EXITの指向変化以前は多くのスタートアップが新規株式公開(以下、IPO)を目指していたが、近年、大企業への売却を目指すスタートアップが増えている。 取引金額の高額化
上場企業によるスタートアップのM&Aは、以前までは10億円以下が当たり前だったが、近年は10億円を超えるM&Aが増えている。100億円を超える大型のM&Aも発生していた。
以下、2018年のM&Aのトレンドを交えながら解説していく。
急増するM&A。スタートアップの新たなる可能性

スタートアップの多くはEXITを目指す。EXITとはスタートアップの株主(創業者など)やベンチャーキャピタル(以下、VC)が投資した資金を回収する方法をいう。EXITには、大きく分けてIPOとM&A(合併・買収)のふたつがある。
国内スタートアップのEXITはこれまでIPOが中心で、2016年はIPOの件数がM&A件数の4倍に上った。2017年には約2倍に、2018年1~10月の国内IPO件数は69件で、M&A件数の1.4倍と、年々その差は縮まっている。これはEXITの方法として、M&Aの支持が高まっている証拠だろう。(参考:https://www.nikkei.com/article/DGKKZO38159600V21C18A1MM8000/)
それでは、なぜ近年スタートアップで売却が増加しているのか。買手側、売手側から見た、M&Aのメリットとデメリットを共にまとめた。

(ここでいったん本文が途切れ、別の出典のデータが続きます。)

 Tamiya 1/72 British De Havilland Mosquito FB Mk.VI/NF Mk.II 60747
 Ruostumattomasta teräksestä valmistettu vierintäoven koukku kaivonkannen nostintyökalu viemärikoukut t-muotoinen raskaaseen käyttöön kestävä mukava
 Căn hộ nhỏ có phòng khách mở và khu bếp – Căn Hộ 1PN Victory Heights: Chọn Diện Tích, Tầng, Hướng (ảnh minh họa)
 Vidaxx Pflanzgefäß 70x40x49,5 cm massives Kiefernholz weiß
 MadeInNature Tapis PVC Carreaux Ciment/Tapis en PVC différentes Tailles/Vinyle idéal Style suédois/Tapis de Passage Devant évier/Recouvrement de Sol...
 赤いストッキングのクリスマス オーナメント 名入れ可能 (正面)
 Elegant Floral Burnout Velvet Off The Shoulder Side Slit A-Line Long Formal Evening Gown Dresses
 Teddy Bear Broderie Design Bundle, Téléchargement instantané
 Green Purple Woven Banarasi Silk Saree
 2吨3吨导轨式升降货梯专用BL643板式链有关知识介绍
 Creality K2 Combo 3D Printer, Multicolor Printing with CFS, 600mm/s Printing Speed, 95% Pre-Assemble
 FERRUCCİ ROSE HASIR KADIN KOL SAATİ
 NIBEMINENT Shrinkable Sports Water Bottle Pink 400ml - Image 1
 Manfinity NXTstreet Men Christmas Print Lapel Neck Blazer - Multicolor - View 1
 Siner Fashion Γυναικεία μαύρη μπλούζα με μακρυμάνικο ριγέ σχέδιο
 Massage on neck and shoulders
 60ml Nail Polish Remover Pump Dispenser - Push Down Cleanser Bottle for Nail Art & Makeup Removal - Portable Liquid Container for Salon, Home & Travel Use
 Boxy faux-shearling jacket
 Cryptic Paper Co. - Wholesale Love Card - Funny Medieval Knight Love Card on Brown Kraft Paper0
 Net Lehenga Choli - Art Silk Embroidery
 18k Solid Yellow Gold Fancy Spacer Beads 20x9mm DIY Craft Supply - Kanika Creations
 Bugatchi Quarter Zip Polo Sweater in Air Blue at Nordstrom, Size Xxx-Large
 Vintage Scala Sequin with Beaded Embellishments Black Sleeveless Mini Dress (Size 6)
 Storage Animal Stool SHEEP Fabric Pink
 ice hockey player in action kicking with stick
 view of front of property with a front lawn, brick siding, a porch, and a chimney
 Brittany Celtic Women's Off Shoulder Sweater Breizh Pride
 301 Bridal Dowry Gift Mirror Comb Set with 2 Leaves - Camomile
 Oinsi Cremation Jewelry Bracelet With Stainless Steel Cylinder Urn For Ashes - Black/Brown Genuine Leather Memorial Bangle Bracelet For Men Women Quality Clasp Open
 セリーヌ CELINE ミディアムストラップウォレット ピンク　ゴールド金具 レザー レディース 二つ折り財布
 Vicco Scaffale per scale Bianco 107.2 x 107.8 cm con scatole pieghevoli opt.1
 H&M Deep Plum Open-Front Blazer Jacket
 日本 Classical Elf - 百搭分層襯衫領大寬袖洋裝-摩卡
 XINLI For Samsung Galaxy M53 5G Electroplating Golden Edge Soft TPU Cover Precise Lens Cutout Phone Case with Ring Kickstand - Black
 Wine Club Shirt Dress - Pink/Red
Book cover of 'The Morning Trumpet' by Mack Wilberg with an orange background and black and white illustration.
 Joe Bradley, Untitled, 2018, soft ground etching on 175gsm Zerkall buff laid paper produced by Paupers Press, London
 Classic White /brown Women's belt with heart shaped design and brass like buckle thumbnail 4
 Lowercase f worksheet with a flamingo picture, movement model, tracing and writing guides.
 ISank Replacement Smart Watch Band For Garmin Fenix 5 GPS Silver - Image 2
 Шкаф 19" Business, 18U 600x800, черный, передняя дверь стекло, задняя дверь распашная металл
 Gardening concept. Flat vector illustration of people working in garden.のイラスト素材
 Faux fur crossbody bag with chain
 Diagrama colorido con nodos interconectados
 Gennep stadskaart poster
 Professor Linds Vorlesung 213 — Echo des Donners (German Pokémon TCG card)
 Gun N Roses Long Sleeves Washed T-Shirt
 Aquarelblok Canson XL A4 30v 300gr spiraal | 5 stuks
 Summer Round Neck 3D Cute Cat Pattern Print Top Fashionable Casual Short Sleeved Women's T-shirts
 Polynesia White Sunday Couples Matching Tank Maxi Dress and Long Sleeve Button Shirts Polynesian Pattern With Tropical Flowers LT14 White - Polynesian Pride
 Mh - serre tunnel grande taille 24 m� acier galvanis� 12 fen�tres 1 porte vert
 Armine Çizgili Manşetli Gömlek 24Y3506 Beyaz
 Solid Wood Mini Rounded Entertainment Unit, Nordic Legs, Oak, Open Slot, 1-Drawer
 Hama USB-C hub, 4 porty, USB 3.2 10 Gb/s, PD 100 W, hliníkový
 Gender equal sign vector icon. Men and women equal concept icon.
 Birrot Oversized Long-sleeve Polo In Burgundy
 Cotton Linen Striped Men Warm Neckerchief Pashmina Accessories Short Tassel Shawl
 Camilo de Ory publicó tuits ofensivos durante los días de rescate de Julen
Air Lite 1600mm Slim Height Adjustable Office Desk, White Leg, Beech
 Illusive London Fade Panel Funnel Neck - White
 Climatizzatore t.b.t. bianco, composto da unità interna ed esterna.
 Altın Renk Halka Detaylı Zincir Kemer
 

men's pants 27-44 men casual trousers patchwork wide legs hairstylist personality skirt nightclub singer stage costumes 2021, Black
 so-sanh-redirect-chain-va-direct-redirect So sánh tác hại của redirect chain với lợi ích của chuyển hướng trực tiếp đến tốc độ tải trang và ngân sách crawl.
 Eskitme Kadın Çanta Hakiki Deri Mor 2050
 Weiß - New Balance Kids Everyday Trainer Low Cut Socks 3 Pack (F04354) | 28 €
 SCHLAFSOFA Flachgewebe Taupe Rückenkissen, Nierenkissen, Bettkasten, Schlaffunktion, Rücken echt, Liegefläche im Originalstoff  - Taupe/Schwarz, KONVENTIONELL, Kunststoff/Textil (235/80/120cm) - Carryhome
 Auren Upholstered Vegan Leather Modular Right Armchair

参考:https://www.ycg-advisory.jp/whats_ma/merit/#demerit_buy

参考:https://www.recof.co.jp/knowledge/
大企業がスタートアップとのオープンイノベーションに乗り出しているため、IPOよりもM&Aの方が取り組みやすい環境になりつつある。上記のメリットと・デメリットを踏まえると、近年M&Aが増えている理由はこの一言に集約されるだろう。
2018年スタートアップのM&Aトレンド
ここからは2018年M&A市場のトレンドを事例と合わせて解説しよう。
M&Aが活発に行われた企業の特徴を一言で表すと「高い技術力を持つ」ことが挙げられる。つまり、先進的な技術を用い、ビジネスを行なっている企業が多いのだ。
2018年のM&Aは合計76件だった(STARTUP DB編集部調べ)。76件をSTARTUP DBのカテゴリーに従い分類し、多い順にまとめると以下の図に表される。

さらにサブカテゴリーでも分類し、上位をまとめた。

ここからは、サブカテゴリーの中で最も多かったAI、件数が多くないものの近年話題に上る仮想通貨、「リアルテック」と呼ばれるカテゴリーに属するロボットから、2018年の事例を紹介する。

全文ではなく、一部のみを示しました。